I’m pretty sure I’ve done this here a few times. In fact, I’m pretty sure I did it on the last blog. I have always envied those bloggers that saw it through to the end. Those people with enough gusto to lose all the weight they vowed to lose. I always felt thankful whenever someone shared their journey (even if they eventually abandoned it). Until you’ve been there, you can’t know what it feels like to live in a shell of obesity. There’s a sculpture or something somewhere of a thin woman carving herself out of her obese body (found it!).
It’s disturbing to look at for a few reasons:
1) It tells the truth, that weight loss takes patience. Chisel away one day at a time. I once dreamed of a machine that would make me instantly thin. It’s too bad something like that doesn’t exist but it’s not reality. There is beauty in the time and effort it takes to achieve but I still certainly wouldn’t complain if a machine like that existed.
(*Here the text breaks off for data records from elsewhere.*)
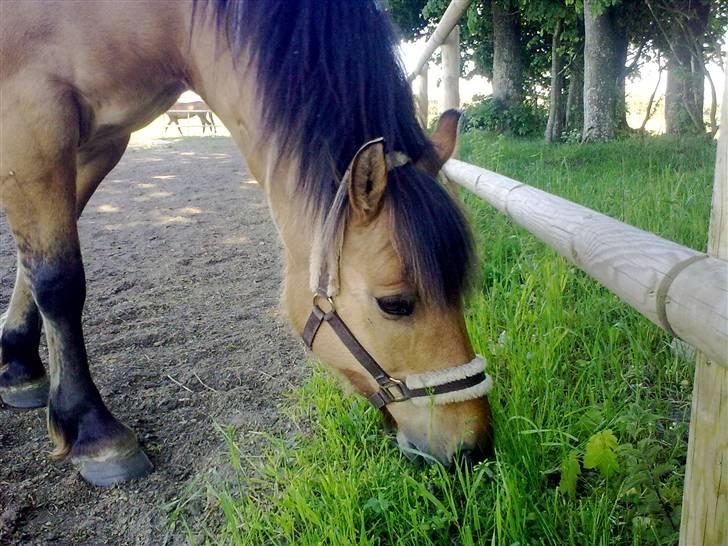 Anden særlig race Frej - Skinken <3 - ædeædeæææææde. foto: michelle sørensen billede 9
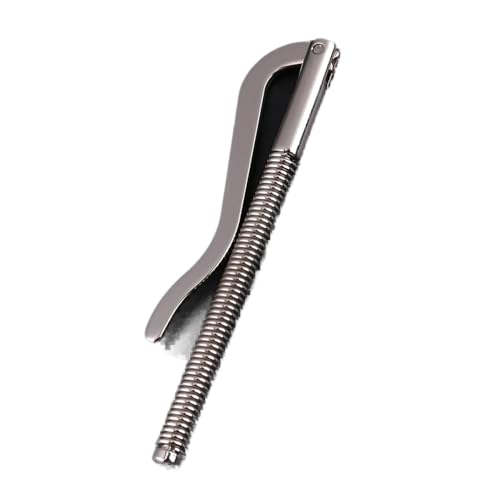 FTVOGUE Brieftasche Geldclip DIY -Werkzeug 5pcs Silver Spring Clamp/Holder, Anti -Korrosion Metallmaterial für Lederbrieftaschen, Damit Männer oder Frauen Bargeld Behalten Können von FTVOGUE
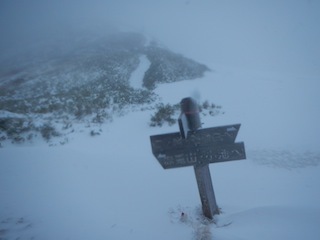 c0359615_20583956.jpg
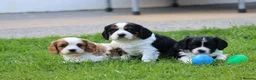 Cavachon dogs for sale: Beautiful Cavachon puppies for sale - Advert 33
2) It speaks loudly about how women view themselves. Women constantly judge themselves by how they look. If not by their weight (no matter your size, admit it — you’ve had “fat” moments), then by their facial features or other parts of their body.
3) It’s sad to look at because even though the woman in the sculpture has come so far, she still has so far to go and that half thin / half obese thing she’s got going on looks uncomfortable. I feel a little like that sculpture sometimes.
Still, all of those blogs that I read, I remember wishing that I was at the same point in my journey that they were in theirs. They seemed to have it figured out, while I felt like I floundered and fumbled among short bursts of clarity. They celebrated their moments of success and they were able to bring back wisdom from the top of the mountain they had climbed to share with the rest of us.
36lbs is a small drop in the bucket for me. Don’t get me wrong, I’m proud of every pound lost but I know that on my journey, I still have much farther to go.
You know what, though? I know that this is my moment to get to goal. Someday soon I will be where I need to be.